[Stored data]
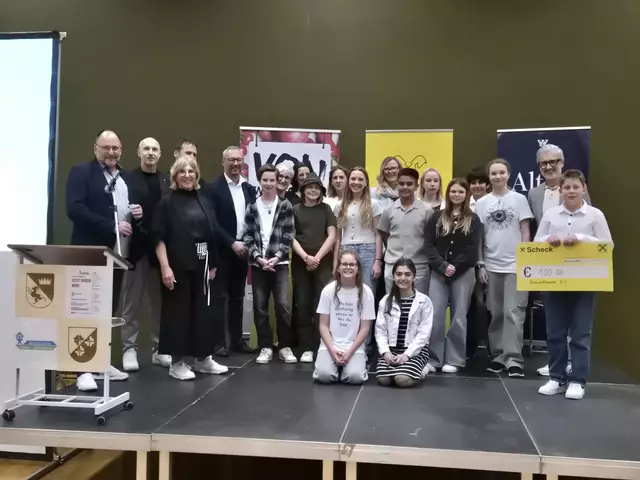 Alle Teilnehmer*innen mit Sponsoren und Jury  | Foto: Mittelschule Zams-Schönwies
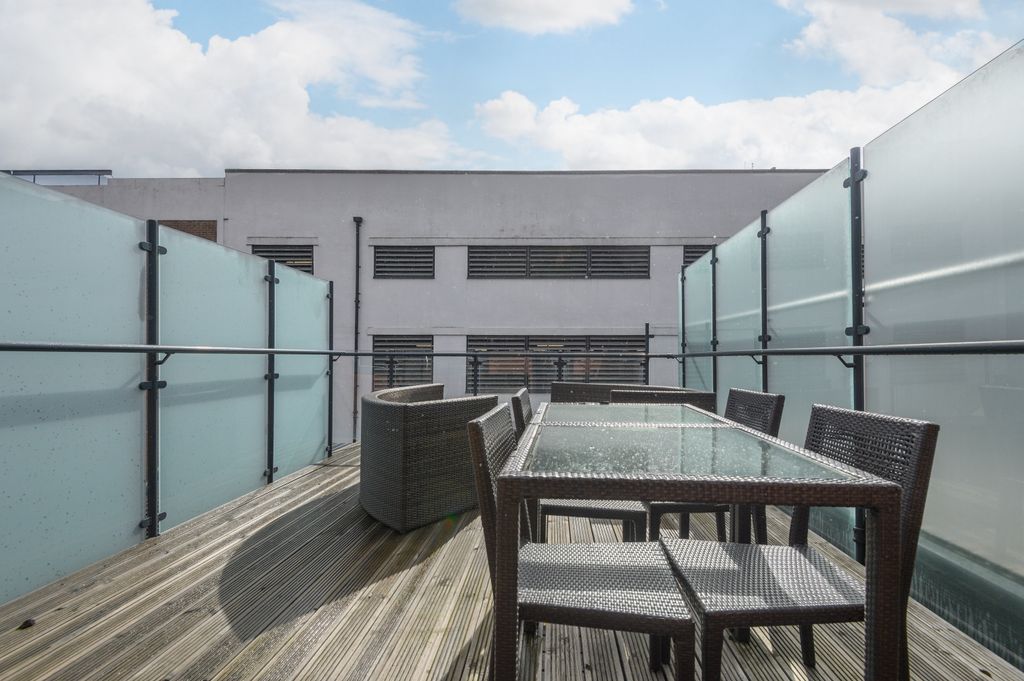 Property photo 3 of 22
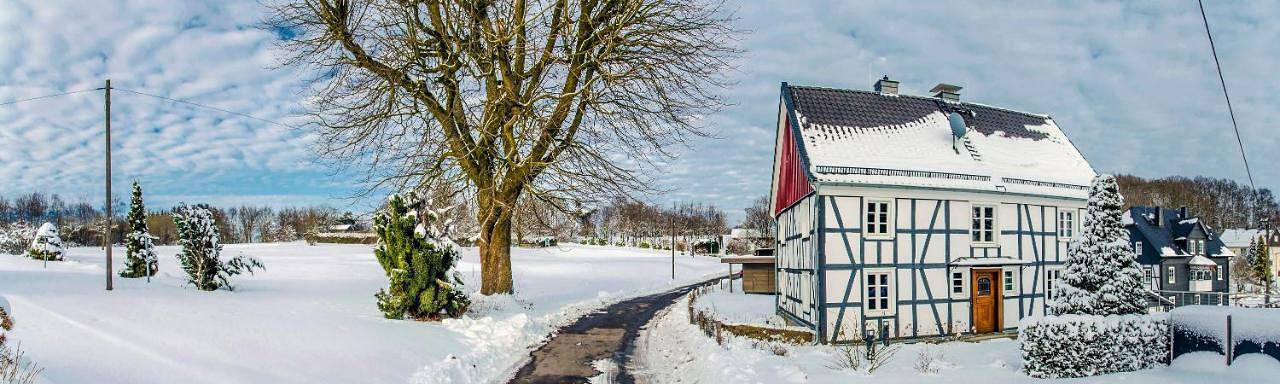 Ferienhaus für 8 Personen, mit Whirlpool und Garten sowie Sauna in Reichshof - 3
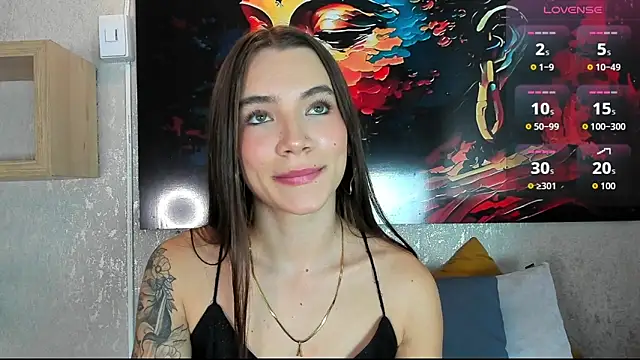 aitana baker  online show from 04/08/26, 03:28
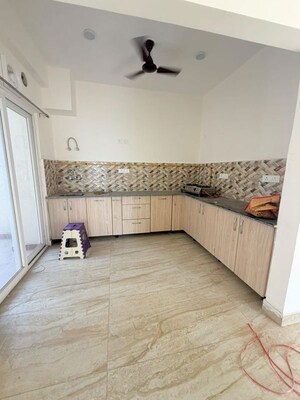 Bathroom in 3.5 BHK Apartment at Trident Embassy Reso, Sector 1 Greater Noida – for Rent
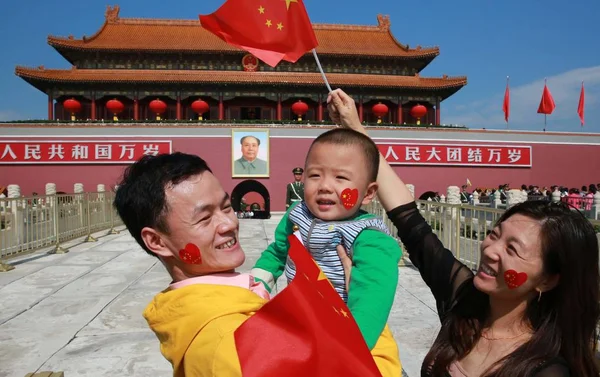 Китайская Семья Трех Поз Фотографии Перед Трибуной Тянь Аньмэнь Пекине — стоковое фото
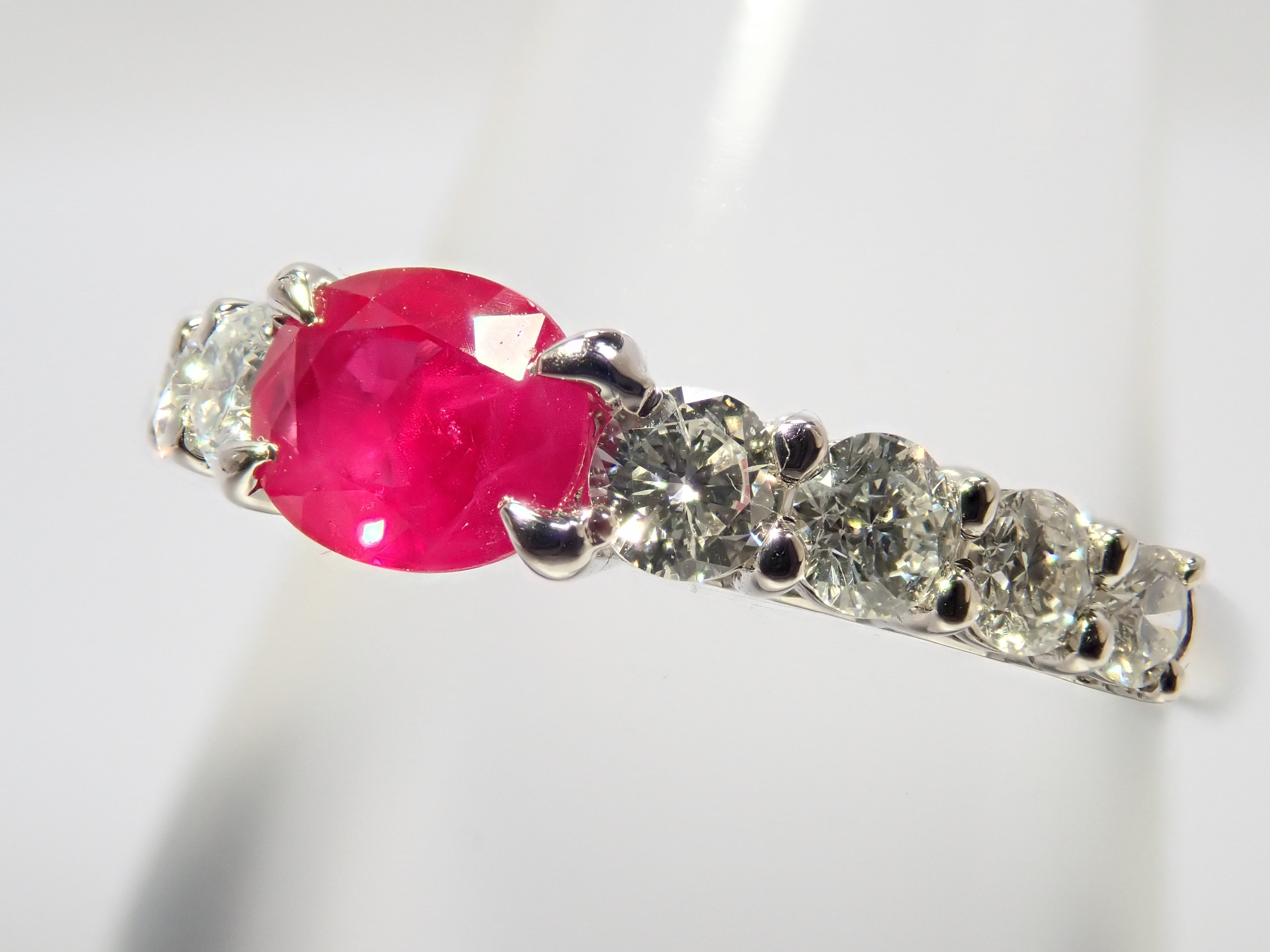 Pt900 ルビー 0.58ct リング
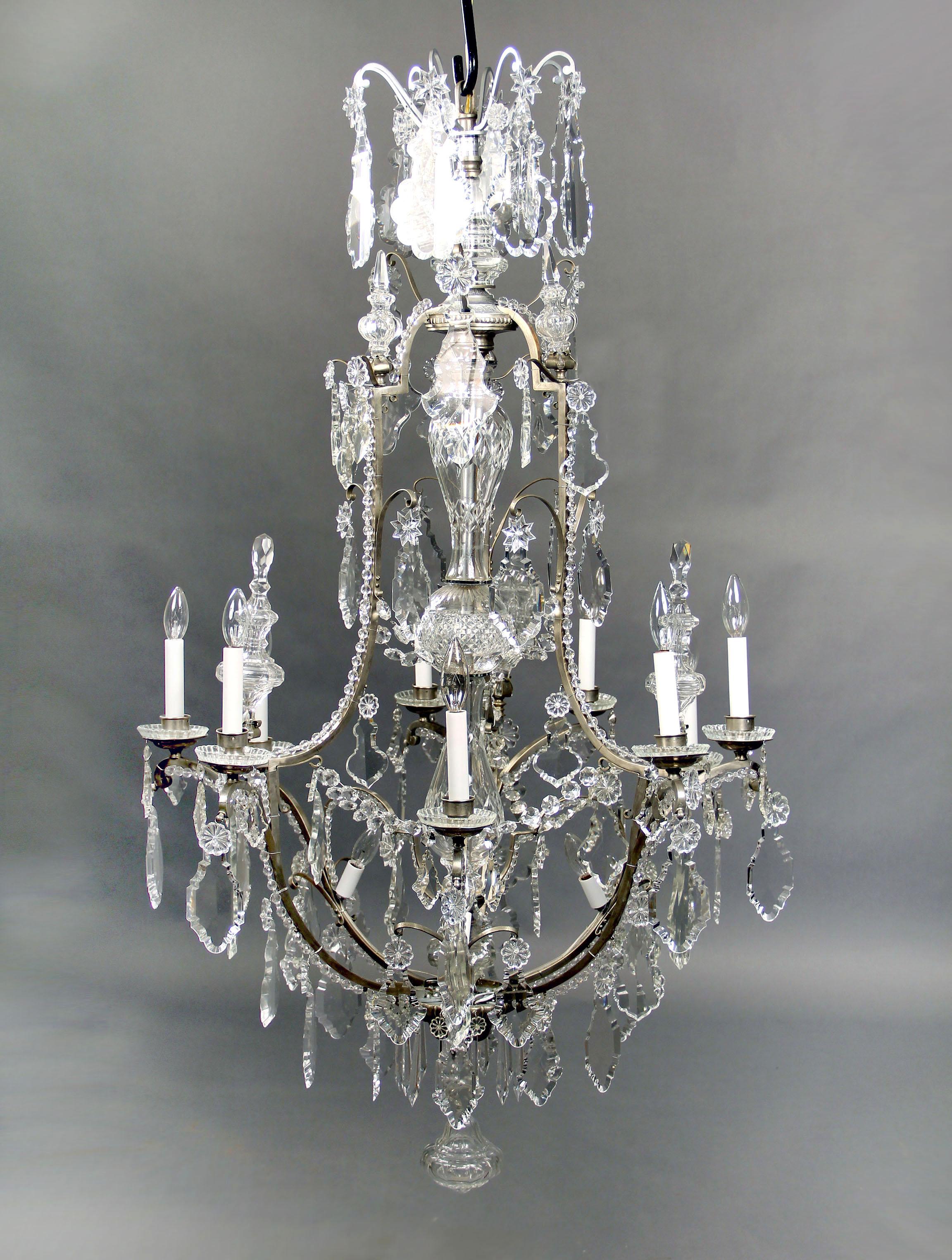 Raffinato lampadario a dodici luci in bronzo argentato e cristallo di Baccarat della fine del XIX secolo

Cristallo sfaccettato e sagomato, bracci con perline, colonne centrali e sfera in cristallo tagliato, 6 lance a gradini con nove luci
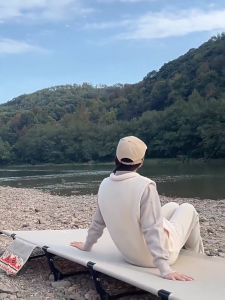 เตียงสนามพับเก็บได้ เตียงตั้งแคมป์น้ำหนักเบา โครงอลูมิเนียม รับน้ำหนักสูง กันน้ำ+กันยุง ผ้า Oxford ระบายอากาศดี กว้าง 90 ซม. พับเก็บง่าย ส่งฟรี!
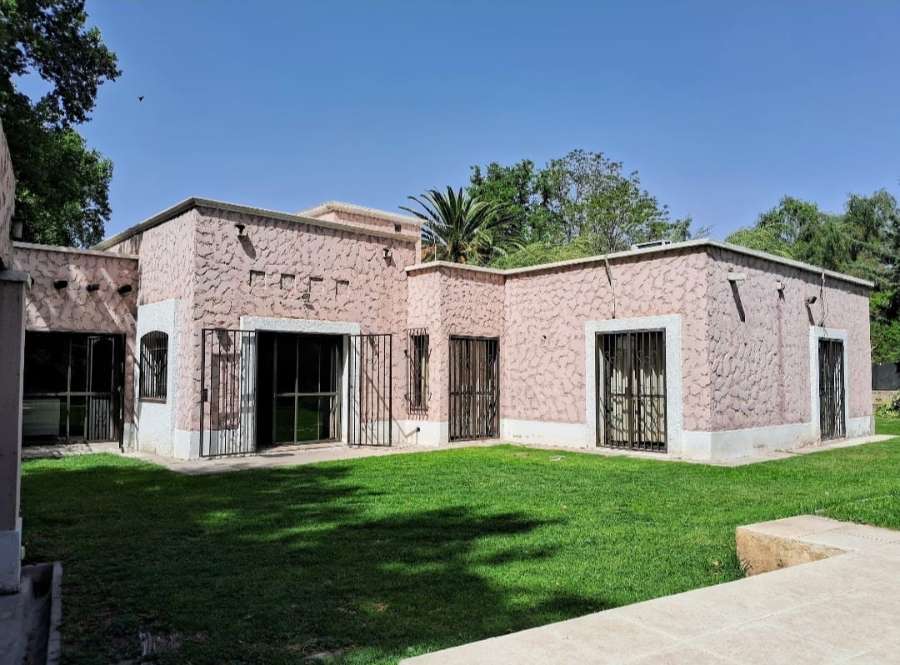 MATHUS HOYOS ESQUINA ASTOR PIAZZOLA, Bermejo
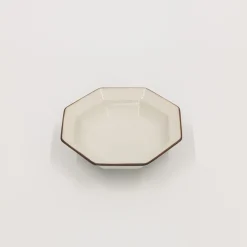 Novem Hakkaku Plate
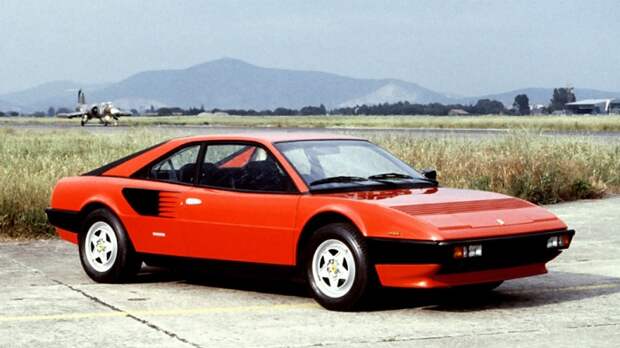 Ferrari Mondial создана на платформе Ferrari 308/ Фото: drive2.ru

What to produce -
Write out again every line above exactly as given; the pictures do not belong in the copy.

Solved problem -
 Alle Teilnehmer*innen mit Sponsoren und Jury  | Foto: Mittelschule Zams-Schönwies
 Property photo 3 of 22
 Ferienhaus für 8 Personen, mit Whirlpool und Garten sowie Sauna in Reichshof - 3
 aitana baker  online show from 04/08/26, 03:28
 Bathroom in 3.5 BHK Apartment at Trident Embassy Reso, Sector 1 Greater Noida – for Rent
 Китайская Семья Трех Поз Фотографии Перед Трибуной Тянь Аньмэнь Пекине — стоковое фото
 Pt900 ルビー 0.58ct リング
 Raffinato lampadario a dodici luci in bronzo argentato e cristallo di Baccarat della fine del XIX secolo

Cristallo sfaccettato e sagomato, bracci con perline, colonne centrali e sfera in cristallo tagliato, 6 lance a gradini con nove luci
 เตียงสนามพับเก็บได้ เตียงตั้งแคมป์น้ำหนักเบา โครงอลูมิเนียม รับน้ำหนักสูง กันน้ำ+กันยุง ผ้า Oxford ระบายอากาศดี กว้าง 90 ซม. พับเก็บง่าย ส่งฟรี!
 MATHUS HOYOS ESQUINA ASTOR PIAZZOLA, Bermejo
 Novem Hakkaku Plate
 Ferrari Mondial создана на платформе Ferrari 308/ Фото: drive2.ru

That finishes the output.